The star bit has never exerted much appeal. "I'd rather write than act," he insists. "Always have." One night years ago, between drinks he blurted a poem to a girl:

Trouble lies in pools along the barren road I've taken.

Sightless windows stare the empty street.

No love beckons me save that which I've forsaken,

The anguish of my solitude is sweet.

Astonished by the break in his usual four-letter rhetoric, she asked: "Who wrote that?" "I did," confessed Mitchum. "When I was 15. I was Bridgeport's answer to Nathalia Crane."* For once he was not swaggering. He once wrote an oratorio for a Jewish-refugee-benefit show produced and directed by Orson Welles. He wrote a short story, Thunder Road, and got it turned into a film co-starring his son Jim. He also composed two original songs for the picture.

To Mitchum, acting is strictly journeyman stuff. "I just fall in and fall out," he claims. Not everyone is conned by his nonchalant, sleepy-eyed depreciations. "He's so good," says Deborah Kerr, "that acting is like shelling peas. That's partly because his role is so often the same. He used to describe it as being beaten to death by gorillas. He seems slapdash, but he plumbs the depths of each character."

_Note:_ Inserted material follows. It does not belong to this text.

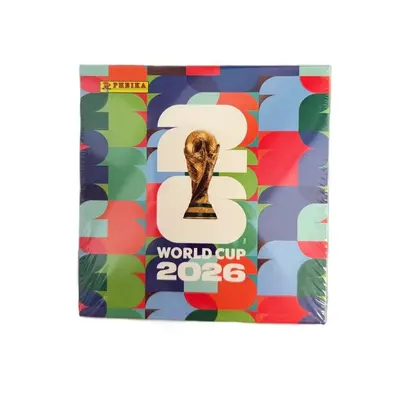 2026 World Cup Player Sticker, 50 Packs of 350 Pieces Blind Box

Love and Hate. That depth was apparent in The Night of the Hunter, in which he came close to playing himself, in the role of an itinerant, self-educated backwoods preacher with the word LOVE tattooed on one hand and HATE on the other. Charles Laughton, who directed him in the picture, called Mitchum "one of the best actors in the world." The potential at least is there, and occasionally the taste. Mitchum pridefully insists that he will not make a picture merely for the money. He refused $500,000 to do Town Without Pity. When United Artists upped the offer to $750,000, Mitchum halted the negotiations by telling the studio how bad the script was.